A Ribbon of Fantasy

Much to the surprise of most of those who know me well, I did not opt to study a writing or language-based subject at university. This contradicted my educational choices thus far, and was in hindsight quite reckless given that those are the only subjects that I know that I can do. Whilst I love my course, I am yet to excel in it as I would like to.

‘You have never studied any of the subjects in PPE in any depth,’ my mum consoles me, as yet another disappointing essay mark materialises on my computer screen.

‘You will have to give yourself time to learn the skills for those subjects. It is a different type of writing to what you are familiar with; you must stop giving solely your opinion. Write as though you have made up your mind using the reading. Use facts more.’

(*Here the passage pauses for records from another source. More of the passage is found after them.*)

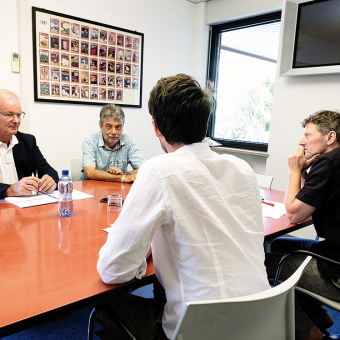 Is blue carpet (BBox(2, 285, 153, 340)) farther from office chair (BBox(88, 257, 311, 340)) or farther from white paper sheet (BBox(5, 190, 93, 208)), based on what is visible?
office chair (BBox(88, 257, 311, 340))

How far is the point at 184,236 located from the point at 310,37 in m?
3.10

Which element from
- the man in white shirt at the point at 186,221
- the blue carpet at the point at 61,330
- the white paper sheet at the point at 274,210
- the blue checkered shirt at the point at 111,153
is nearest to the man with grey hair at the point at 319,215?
the white paper sheet at the point at 274,210

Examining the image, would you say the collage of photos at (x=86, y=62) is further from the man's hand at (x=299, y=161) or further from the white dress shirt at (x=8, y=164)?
the man's hand at (x=299, y=161)

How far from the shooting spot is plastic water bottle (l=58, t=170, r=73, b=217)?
1.69m

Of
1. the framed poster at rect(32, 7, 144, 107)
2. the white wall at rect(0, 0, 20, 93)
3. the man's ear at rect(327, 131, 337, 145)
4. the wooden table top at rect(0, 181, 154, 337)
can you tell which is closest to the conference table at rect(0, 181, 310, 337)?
the wooden table top at rect(0, 181, 154, 337)

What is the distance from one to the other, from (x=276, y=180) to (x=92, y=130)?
89.4 inches

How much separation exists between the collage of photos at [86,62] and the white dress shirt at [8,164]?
1214 millimetres

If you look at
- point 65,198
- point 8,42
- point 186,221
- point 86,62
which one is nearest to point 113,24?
point 86,62

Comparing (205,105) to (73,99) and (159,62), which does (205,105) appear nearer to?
(73,99)

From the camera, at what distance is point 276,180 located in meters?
3.74

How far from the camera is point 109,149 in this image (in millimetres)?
2969

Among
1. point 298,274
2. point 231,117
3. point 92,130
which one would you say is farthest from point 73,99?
point 298,274

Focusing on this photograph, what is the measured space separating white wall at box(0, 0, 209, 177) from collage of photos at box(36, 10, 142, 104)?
0.11 metres

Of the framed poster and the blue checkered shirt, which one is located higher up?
the framed poster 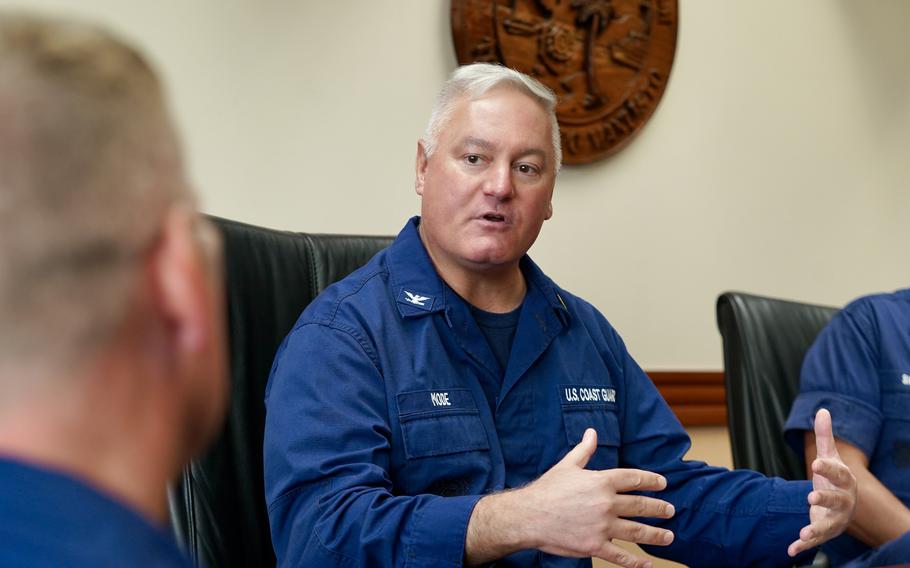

I’ve never been a facts advocate; I have never really had to be. I love studying French because it gives me another medium of expression, and permits me to understand the formation of my mother tongue (and sounds quite sexy). I love reading because sometimes I will encounter a phrase whose words align so deliciously that they tremor like breath on my skin. I love writing because if I have too many thoughts they grind a spark in my head and I must dispense them unto something tangible for relief.

But I know well that important discoveries are not made by those who wish to dance upon a ribbon of fantasy. I know that the liquor of passion entices a momentary drunkenness that soon gives way to the mundanity of fact. You cannot escape facts; it is high time that I confront them in order to expand my opportunities and capabilities. This I know.

But once upon a time, I realised why moments of creativity are a salvation. When I was younger, my friend Ceylan died suddenly. After she died, her husband gave me a small parcel.

‘This was in our car,’ he said. ‘It is from Ceylan.’

I was a little afraid to open it. It meant a lot. It meant that I was one of the things that she thought about before she did not think anymore. It meant that she had wanted to surprise me with something special but would never get to see my smile when I opened it.

When I am revising facts and am bored (a rare combination I know), I sketch my name in letters that are thick and have a shadow. It was only the other day, as I did so absent-mindedly, that I remembered why. I have been doing it for years, assuming that there was no reason for it at all. But suddenly I looked to my bedroom mirror, around which are pinned pictures and items, and saw that parcel stuck to the side. I kept it because Ceylan had written my name in thick, shadowed letters on the front.

What I did not realise was that whilst my fingers hovered only for a moment over those letters before slitting the paper into silver (a pair of tortoise earrings, if that is of any interest) my mind stayed on the name and never really left.  Whilst my brain is sore with the effort of retention, it sings my name to my hand and I write it out just as she did – although not half as gorgeously. It is perhaps a mental compromise; creativity splinters the desert of fact. It is a shard upon an otherwise desolate horizon.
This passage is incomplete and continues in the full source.